Biofuels derived from food waste are never going to be a total replacement for traditional fuel but are more likely to pass sustainability standards then biofuels derived from crops, according to the Liberal Democrats.
The topic of biofuel use has been controversial with critics warning that they are exacerbating the global food crisis.
Shadow transport secretary Norman Baker told MRW that the Government had to be cautious about the environmental and social impacts of using biofuels. If fuel is coming from food waste it is likely to pass the sustainability test. The Government started off believing that biofuels was a panacea but they have realised that more work needs to be done in this area.
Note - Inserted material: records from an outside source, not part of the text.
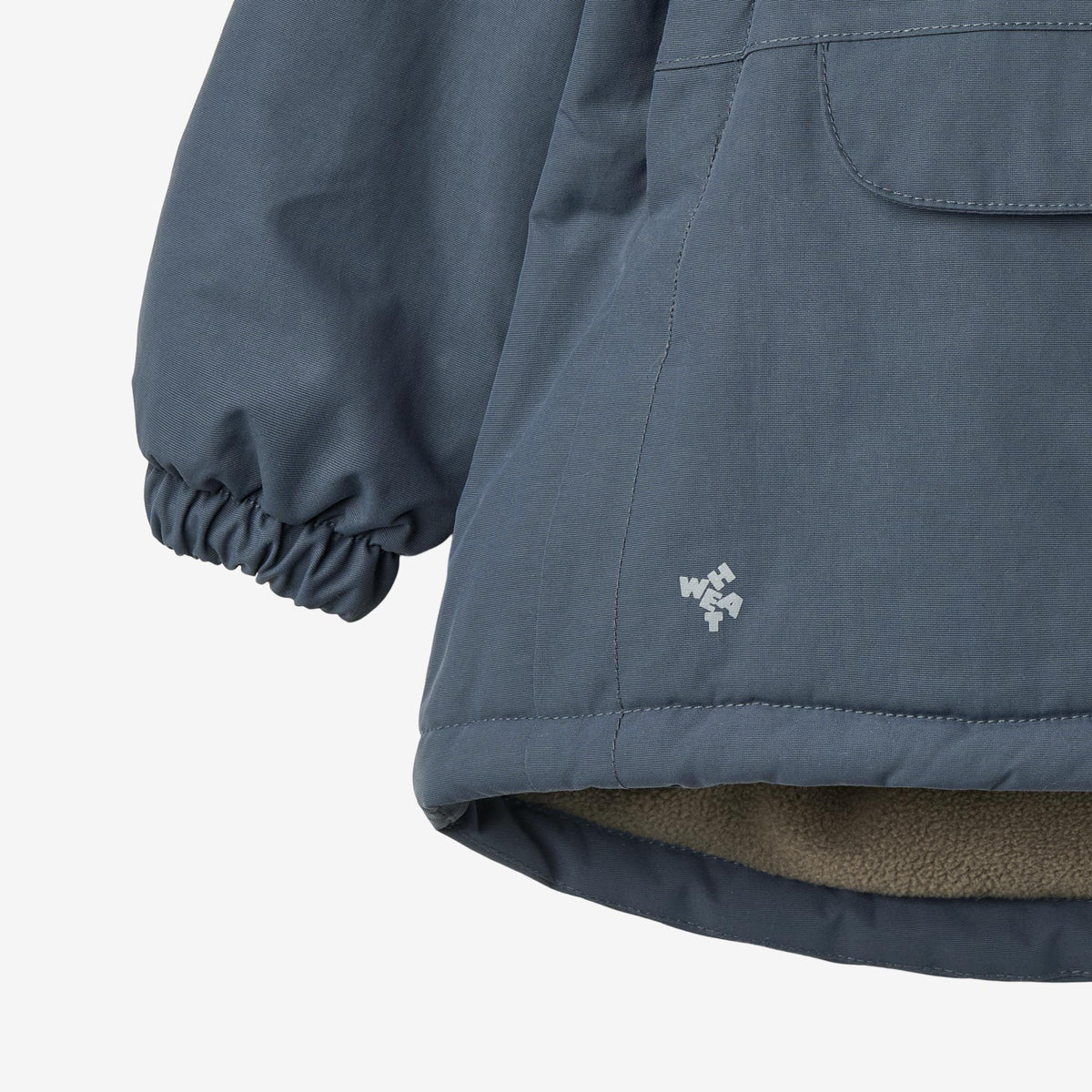 (8252-996R GRS)Tech Jacket Sascha - Greyblue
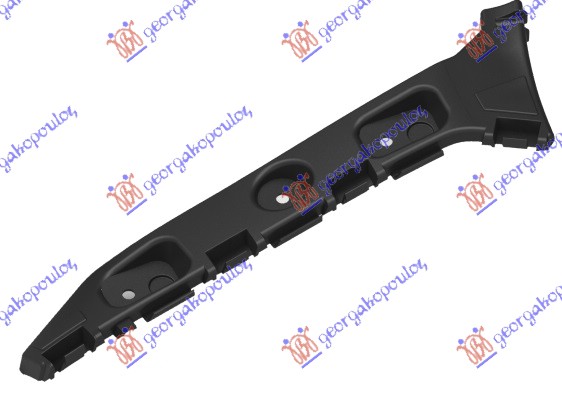 ΒΑΣΗ ΠΡΟΦΥΛ. ΠΙΣΩ ΠΛΑΙΝΗ ΠΛΑΣΤΙΚΗ για FORD KA+ 16-18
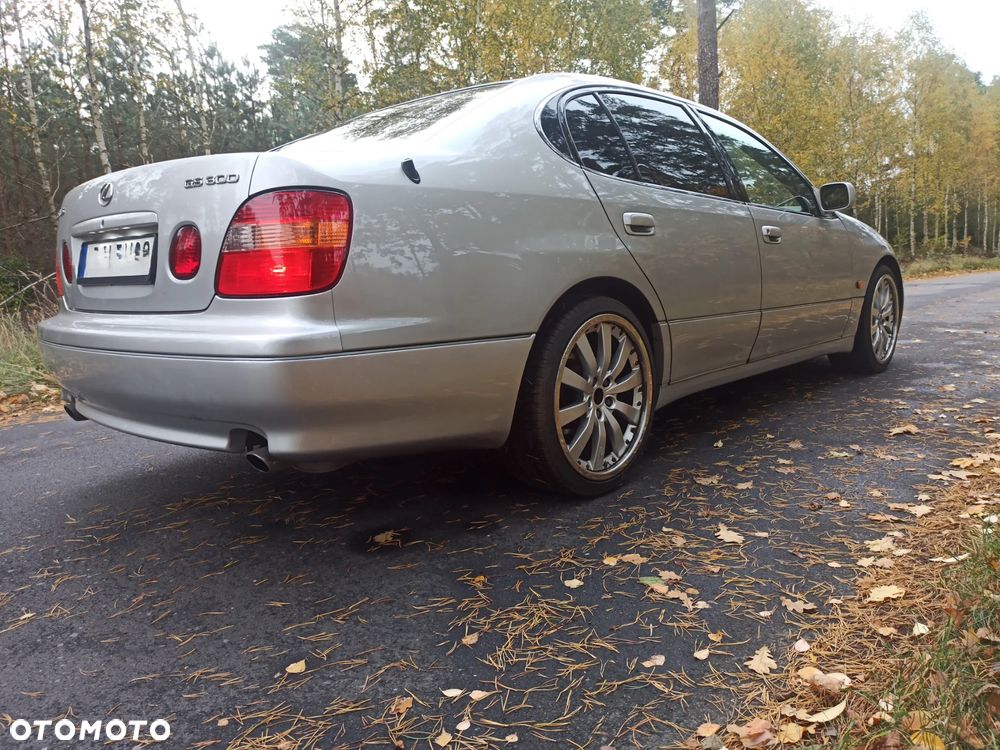 Lexus GS 300 - 5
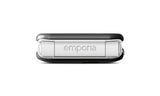 Emporia SIMPLICITYglam.4G 7,11 cm (2.8") 106 g Sort Senior telefon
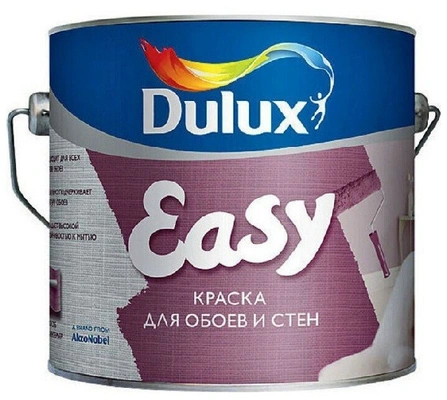 Краска акриловая Dulux Easy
Biofuels are never going to be a total replacement for traditional fuel. It will be a bridge between traditional fuel and a future fuel, based on the renewable generation.
Last week the Government introduced the Renewable Transport Fuel Obligation which sets outs Britains biofuels target. Road transport fuel suppliers will have to ensure that by 2010/11, 5% of fuel is made up of renewable fuels. In a Downing Street website statement issued in relation to the global food crisis (April 21 2008) Prime Minister Gordon Brown said: We know that biofuels, intended to promote energy independence and combat climate change, are frequently energy inefficient. We need to look closely at the impact of food prices and the environment of different production methods and to ensure that we are more selective in our support. If our UK review shows that we need to change our approach, we will also push for change in EU biofuels targets.
The EU issued a 10% quota of biofuels in all petrol and diesel by 2020 as part of a drive to slash greenhouse gas emissions by 20% by 2020.